As a kind of secretive hermit state, North Korea clings to its remaining ally in China. Yet the recent leaking of sensitive documents from the Chinese military to the Japanese media might suggest that China has just about had enough of its eccentric friends over the northern border. The documents in question are contingency plans for what is to be done in the event of a collapse of the regime in Pyongyang. Yet, as the Meiji Institute for Global Affairs scholar Jun Okumura told the Daily Telegraph, such plans have likely existed for years: their leakage now may be significant. After all, the People’s Liberation Army of China is a pretty tightly run ship, and would-be leakers might think twice about proceeding without a high-ranking green light.

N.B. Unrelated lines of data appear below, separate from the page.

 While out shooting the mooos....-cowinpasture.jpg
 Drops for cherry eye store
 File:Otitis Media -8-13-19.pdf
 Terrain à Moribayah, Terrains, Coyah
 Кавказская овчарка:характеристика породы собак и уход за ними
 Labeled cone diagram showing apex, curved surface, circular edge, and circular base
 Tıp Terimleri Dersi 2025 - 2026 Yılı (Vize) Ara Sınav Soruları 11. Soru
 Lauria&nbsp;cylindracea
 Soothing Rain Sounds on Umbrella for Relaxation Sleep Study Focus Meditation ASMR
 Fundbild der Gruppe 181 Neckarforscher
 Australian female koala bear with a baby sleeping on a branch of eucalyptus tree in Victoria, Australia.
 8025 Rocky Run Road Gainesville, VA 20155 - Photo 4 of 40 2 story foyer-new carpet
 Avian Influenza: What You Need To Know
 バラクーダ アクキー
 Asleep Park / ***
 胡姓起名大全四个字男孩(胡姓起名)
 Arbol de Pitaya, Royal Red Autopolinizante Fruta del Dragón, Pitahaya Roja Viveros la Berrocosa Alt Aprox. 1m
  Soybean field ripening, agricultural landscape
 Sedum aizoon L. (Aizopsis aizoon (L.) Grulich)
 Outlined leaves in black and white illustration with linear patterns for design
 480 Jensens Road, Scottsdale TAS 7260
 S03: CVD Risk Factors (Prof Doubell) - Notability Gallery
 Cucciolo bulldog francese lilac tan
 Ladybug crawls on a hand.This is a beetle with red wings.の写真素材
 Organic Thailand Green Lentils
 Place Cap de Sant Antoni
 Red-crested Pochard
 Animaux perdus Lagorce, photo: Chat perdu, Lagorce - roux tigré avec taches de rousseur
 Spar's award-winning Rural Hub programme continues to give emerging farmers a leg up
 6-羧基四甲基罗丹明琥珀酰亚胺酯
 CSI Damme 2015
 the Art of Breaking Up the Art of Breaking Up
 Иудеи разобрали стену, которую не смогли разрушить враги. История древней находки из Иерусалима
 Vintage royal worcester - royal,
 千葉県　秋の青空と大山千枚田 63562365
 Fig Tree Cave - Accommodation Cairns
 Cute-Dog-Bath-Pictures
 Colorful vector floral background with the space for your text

Are these contingency plans perhaps more prescriptive than predictive on China’s part?
The leaked documents may reveal more about China’s own outlook than about a likely trajectory of future events. Of course we know so little about what is really going on in North Korean society that these things are difficult to predict, but if a North Korean spring were to burst forth now, it is fair to say that most would be caught off guard. Still, the Chinese report seems to envisage that the regime might collapse on account of outside intervention of some kind, presumably on the part of the United States. If China really imagines that this could happen anytime soon then it is simply projecting its own paranoia. Ever since the West foolishly let the North Koreans pass the nuclear threshold in around 2003, America’s appetite for intervention there fell below the already non-existent levels seen prior to that point. And while the Obama administration may have spoken of pivoting toward Asia, a war with North Korea was surely not what the president had in mind.
While China would no doubt fiercely resent any Western intervention in what it views as its sphere of influence, it may well be the case that the Chinese are also growing weary of the Kims and the weird brand of Stalinism-meets-Medieval-absolutist-monarchy that they keep ticking over in North Korea. If the North Koreans have now become too unpredictable and are viewed by Beijing as a likely source of instability in the region, then it could well be that these contingency plans are essentially wishful thinking on the part of a China just about ready to be rid of North Korea. Indeed, ahead of a widely anticipated nuclear test by the North Koreans, the Chinese have released a statement expressing a clear tone of disapproval. It has also been reported that China refused to transfer oil supplies to the North Koreans during the first three months of this year.
The contingency plans drawn up by the Chinese include the anticipation of large numbers of refugees fleeing over the North Korean border, but also preparations for creating some kind of internment camp for North Korea’s leadership. Hardly the most friendly of moves, although it would appear that such a plan is as much driven by concerns about preventing the country’s former rulers from falling into foreign hands as by the desire to ensure that the ruling clique couldn’t continue to wage long-term civil war Assad-style.
For the moment it seems that China is simply planning to monitor its border with North Korea still more closely than it already does. Regardless of whether or not the leaking of these contingency plans was instructed from higher up, they certainly provide a window into Chinese thinking on North Korea. A collapse of North Korea’s government may not appear quite imminent, nor is it so easy to imagine outside intervention in the way that the Chinese report would seem to. What these contingency plans do expose, however, is a growing Chinese disinterest in preserving the regime ruling North Korea at the present.